Enbridge Inc.’s Northern Gateway is designed to carry 500,000 barrels a day of oil sands-derived crude from a terminal near Edmonton across the Rockies to Kitimat on the B.C. coast, where about 200 supertankers annually would dock to take on the petroleum for export to the U.S. and Asia.

The 1,172-kilometre line, which would cross hundreds of rivers and streams and pass through a region renowned for its salmon, wolves, bears and other wildlife, is seen as a threat to the environment and the livelihoods of tens of thousands of people.
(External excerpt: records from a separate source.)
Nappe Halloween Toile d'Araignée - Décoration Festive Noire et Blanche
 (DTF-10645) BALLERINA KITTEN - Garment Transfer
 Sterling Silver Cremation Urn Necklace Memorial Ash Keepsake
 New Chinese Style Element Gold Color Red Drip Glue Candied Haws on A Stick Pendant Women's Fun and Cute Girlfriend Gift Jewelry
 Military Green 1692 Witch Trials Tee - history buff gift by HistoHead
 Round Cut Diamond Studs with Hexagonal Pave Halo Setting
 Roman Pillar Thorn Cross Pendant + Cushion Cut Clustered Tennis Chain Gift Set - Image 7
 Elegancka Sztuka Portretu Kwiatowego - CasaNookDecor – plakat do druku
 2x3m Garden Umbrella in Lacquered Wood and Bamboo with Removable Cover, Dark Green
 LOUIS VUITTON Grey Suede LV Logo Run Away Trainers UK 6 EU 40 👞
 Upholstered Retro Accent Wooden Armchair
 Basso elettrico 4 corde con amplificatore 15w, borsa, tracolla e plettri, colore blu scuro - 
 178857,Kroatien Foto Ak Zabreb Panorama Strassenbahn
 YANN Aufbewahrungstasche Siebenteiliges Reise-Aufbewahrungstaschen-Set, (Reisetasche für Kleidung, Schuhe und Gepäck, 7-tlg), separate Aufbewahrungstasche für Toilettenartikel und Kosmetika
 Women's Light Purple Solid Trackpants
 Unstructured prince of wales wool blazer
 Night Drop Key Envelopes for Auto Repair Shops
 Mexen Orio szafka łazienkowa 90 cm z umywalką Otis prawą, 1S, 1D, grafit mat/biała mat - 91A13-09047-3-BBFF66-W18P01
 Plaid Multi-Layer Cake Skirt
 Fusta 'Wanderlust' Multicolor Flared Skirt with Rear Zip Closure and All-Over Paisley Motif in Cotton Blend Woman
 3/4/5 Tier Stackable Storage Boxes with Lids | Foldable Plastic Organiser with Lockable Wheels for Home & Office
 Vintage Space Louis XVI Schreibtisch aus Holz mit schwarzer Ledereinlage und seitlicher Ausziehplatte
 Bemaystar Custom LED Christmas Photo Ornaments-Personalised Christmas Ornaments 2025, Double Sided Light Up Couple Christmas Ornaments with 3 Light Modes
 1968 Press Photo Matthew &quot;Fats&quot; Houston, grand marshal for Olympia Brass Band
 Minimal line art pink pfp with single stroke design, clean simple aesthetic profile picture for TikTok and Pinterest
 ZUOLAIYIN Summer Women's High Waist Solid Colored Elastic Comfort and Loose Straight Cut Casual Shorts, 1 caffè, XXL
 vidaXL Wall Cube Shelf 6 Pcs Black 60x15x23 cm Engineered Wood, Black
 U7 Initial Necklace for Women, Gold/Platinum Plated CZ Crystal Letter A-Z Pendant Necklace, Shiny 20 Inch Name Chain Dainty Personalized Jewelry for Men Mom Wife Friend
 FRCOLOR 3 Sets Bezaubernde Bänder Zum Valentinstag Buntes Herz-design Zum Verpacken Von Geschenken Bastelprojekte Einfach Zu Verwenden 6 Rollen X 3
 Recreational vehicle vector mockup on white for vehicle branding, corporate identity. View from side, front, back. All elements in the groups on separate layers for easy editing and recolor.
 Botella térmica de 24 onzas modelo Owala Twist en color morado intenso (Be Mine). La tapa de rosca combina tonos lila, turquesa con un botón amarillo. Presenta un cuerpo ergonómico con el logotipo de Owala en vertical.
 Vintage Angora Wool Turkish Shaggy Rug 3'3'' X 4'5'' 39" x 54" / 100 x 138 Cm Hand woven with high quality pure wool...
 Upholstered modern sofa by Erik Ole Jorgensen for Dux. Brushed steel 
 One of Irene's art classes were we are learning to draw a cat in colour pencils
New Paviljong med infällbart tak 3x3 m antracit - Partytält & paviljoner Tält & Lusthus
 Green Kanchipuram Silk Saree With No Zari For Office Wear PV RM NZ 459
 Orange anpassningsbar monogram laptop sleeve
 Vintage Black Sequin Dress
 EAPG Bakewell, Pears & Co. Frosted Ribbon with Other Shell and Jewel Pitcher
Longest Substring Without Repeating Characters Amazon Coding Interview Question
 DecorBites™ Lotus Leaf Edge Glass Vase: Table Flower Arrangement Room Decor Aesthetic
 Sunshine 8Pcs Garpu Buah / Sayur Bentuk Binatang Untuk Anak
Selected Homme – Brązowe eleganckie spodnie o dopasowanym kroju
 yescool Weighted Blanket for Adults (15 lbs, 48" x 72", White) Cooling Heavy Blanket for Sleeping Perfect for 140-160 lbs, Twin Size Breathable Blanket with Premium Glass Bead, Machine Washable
It has sparked an eruption of opposition among aboriginals, who maintain the project must be stopped at almost any cost.

“The Enbridge pipeline would risk an oil spill into our rivers and lands that would destroy our food supply, our livelihoods and our cultures,” said Chief Larry Nooski of Nadleh Whut’en First Nation in B.C. “Our laws do not permit crude oil pipelines into our territories. This project isn’t going anywhere.”